ABOUT THIS EXERCISE: Word for word, repeat each record that follows.

RECORD EXCERPTS:
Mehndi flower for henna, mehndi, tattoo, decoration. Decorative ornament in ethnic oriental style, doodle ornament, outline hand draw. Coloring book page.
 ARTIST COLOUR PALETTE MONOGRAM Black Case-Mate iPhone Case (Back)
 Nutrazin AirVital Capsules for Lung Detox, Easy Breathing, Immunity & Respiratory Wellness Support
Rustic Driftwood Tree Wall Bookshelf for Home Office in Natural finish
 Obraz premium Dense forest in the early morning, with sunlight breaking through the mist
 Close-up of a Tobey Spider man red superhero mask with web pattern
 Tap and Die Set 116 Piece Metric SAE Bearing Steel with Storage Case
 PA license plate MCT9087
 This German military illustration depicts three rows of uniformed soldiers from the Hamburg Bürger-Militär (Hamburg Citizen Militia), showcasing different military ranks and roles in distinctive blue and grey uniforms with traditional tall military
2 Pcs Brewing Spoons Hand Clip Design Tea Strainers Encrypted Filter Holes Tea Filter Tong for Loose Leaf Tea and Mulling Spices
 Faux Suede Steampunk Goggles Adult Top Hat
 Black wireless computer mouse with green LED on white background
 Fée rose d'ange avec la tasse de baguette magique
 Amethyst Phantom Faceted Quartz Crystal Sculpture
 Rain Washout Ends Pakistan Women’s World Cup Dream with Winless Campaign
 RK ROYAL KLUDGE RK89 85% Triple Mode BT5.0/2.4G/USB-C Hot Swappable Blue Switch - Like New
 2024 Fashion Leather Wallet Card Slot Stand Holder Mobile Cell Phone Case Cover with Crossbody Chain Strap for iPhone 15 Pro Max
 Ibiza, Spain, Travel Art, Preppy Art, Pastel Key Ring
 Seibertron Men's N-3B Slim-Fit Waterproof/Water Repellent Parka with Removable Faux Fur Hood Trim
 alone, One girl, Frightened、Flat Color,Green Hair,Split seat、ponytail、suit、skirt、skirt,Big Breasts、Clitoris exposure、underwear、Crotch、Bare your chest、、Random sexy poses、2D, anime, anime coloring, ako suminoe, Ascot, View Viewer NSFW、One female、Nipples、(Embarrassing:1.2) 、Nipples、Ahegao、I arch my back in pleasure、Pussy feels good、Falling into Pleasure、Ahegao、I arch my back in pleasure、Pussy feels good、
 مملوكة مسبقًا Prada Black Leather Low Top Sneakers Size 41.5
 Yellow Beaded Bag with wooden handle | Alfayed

SOLUTION:
Mehndi flower for henna, mehndi, tattoo, decoration. Decorative ornament in ethnic oriental style, doodle ornament, outline hand draw. Coloring book page.
 ARTIST COLOUR PALETTE MONOGRAM Black Case-Mate iPhone Case (Back)
 Nutrazin AirVital Capsules for Lung Detox, Easy Breathing, Immunity & Respiratory Wellness Support
Rustic Driftwood Tree Wall Bookshelf for Home Office in Natural finish
 Obraz premium Dense forest in the early morning, with sunlight breaking through the mist
 Close-up of a Tobey Spider man red superhero mask with web pattern
 Tap and Die Set 116 Piece Metric SAE Bearing Steel with Storage Case
 PA license plate MCT9087
 This German military illustration depicts three rows of uniformed soldiers from the Hamburg Bürger-Militär (Hamburg Citizen Militia), showcasing different military ranks and roles in distinctive blue and grey uniforms with traditional tall military
2 Pcs Brewing Spoons Hand Clip Design Tea Strainers Encrypted Filter Holes Tea Filter Tong for Loose Leaf Tea and Mulling Spices
 Faux Suede Steampunk Goggles Adult Top Hat
 Black wireless computer mouse with green LED on white background
 Fée rose d'ange avec la tasse de baguette magique
 Amethyst Phantom Faceted Quartz Crystal Sculpture
 Rain Washout Ends Pakistan Women’s World Cup Dream with Winless Campaign
 RK ROYAL KLUDGE RK89 85% Triple Mode BT5.0/2.4G/USB-C Hot Swappable Blue Switch - Like New
 2024 Fashion Leather Wallet Card Slot Stand Holder Mobile Cell Phone Case Cover with Crossbody Chain Strap for iPhone 15 Pro Max
 Ibiza, Spain, Travel Art, Preppy Art, Pastel Key Ring
 Seibertron Men's N-3B Slim-Fit Waterproof/Water Repellent Parka with Removable Faux Fur Hood Trim
 alone, One girl, Frightened、Flat Color,Green Hair,Split seat、ponytail、suit、skirt、skirt,Big Breasts、Clitoris exposure、underwear、Crotch、Bare your chest、、Random sexy poses、2D, anime, anime coloring, ako suminoe, Ascot, View Viewer NSFW、One female、Nipples、(Embarrassing:1.2) 、Nipples、Ahegao、I arch my back in pleasure、Pussy feels good、Falling into Pleasure、Ahegao、I arch my back in pleasure、Pussy feels good、
 مملوكة مسبقًا Prada Black Leather Low Top Sneakers Size 41.5
 Yellow Beaded Bag with wooden handle | Alfayed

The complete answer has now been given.